Don’t Tempt Me, alas, comes a lot closer to Aunt Millicent’s closet than I’d like it to, but hey, at least it’s not Uncle Ted’s jockstrap, right? To be honest, I had a hard time deciding on the grade, and I finally decided on a B, as an average of the strange dualistic experience I had while reading the book: while I was reading it, it was a pretty solid A-, but once I put it down and thought about it, the problems with plot and characterization nagged at me more and more, and it rapidly dropped to a B-. It’s a lot of fun and very cleverly written, but ultimately hollow.
The story had a great deal of potential that, in the end, went largely unexplored: Zoe is the daughter of Lord Lexham. When Lucien de Grey’s parents die, leaving him and his older brother, Gerard, orphans at a young age, Lord Lexham steps in as guardian and gives Lucien and Gerard some much-needed structure and affection. Zoe and Lucien are drawn to each other almost immediately, and they form a close and affectionate friendship as children.
(This bit is covered in record time, by the way: four pages. Four pages, moving from howling grief to childhood love. FOUR. Most of them composed of choppy sentences. Gah.)
Moving along: Zoe has always had a talent for escape, so when she disappears at age 12 at an Egyptian bazaar while on holiday with her parents, they assume she ran away and was kidnapped. Her family is devastated. Her father does not give up hope, and searches for her relentlessly, turning away countless impostors from his door.

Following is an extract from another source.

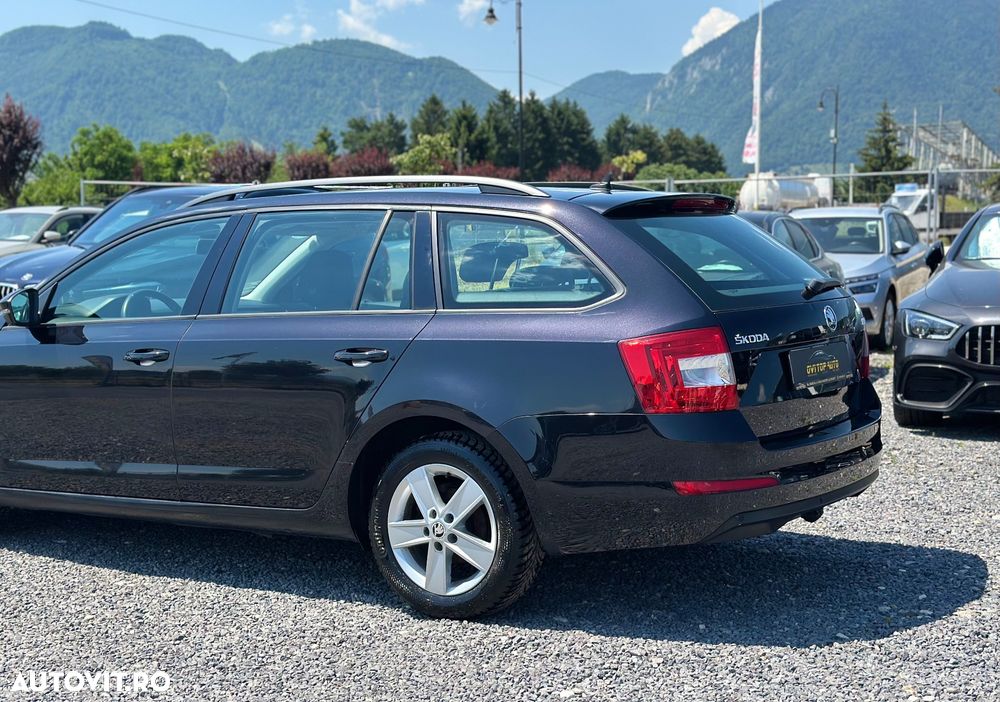 Skoda Octavia 1.6 TDI (Green tec) Style - 15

Lucien, on the other hand, has another tragedy to deal with: the death of Gerard in a riding accident. To cope, he teaches himself to stop caring about anything. He lives a life filled with pleasures and distractions, but he experiences everything from a remove: he delegates everything he can to his servants, and even has his secretary buying the presents for his mistresses.
Lucien is shaken out of his pleasant complacency, however, when he hears that a mysterious blonde girl has showed up at Lord Lexham’s doorstep, and instead of rejecting her out of hand, as he has so many others, Lord Lexham has enfolded her into the family’s bosom. Lurid rumors are circulating about how she was a harem girl, with the requisite humiliating caricatures. Lucien, to his surprise, finds his protective instincts in an uproar. Convinced that the girl is another Princes Caraboo, he immediately pays a visit to the Lexhams, determined to expose the impostor.
Only to find that Zoe truly has returned. Kidnapped twelve years ago with the aid of a nefarious maid, she was sent to the court of Yusri Pasha, trained in the sensual arts and then given away to his oldest son, Ali. She rapidly becomes Ali’s favorite toy, but he’s both fat and impotent. (Of course he is—this is a romance novel. It’s not so much “love, thy will be done” as “virginity, thou wilt be preserved.” Plus: Zoe doesn’t have all that icky sexual trauma to get over, so it’s a really convenient way to deal with the conflict all the way around.)
At any rate, Lucien finds his old feelings for Zoe reviving, to his discomfort. Spurred by a combination of loyalty to their old friendship, love of his erstwhile guardian and a desire to remove a temptation who threatens his pleasantly numb existence, he decides to reintroduce Zoe to society and help her find a suitable match. Hijinks, of course, ensue, and the only suitable match for Zoe turns out to be, surprise surprise, Lucien.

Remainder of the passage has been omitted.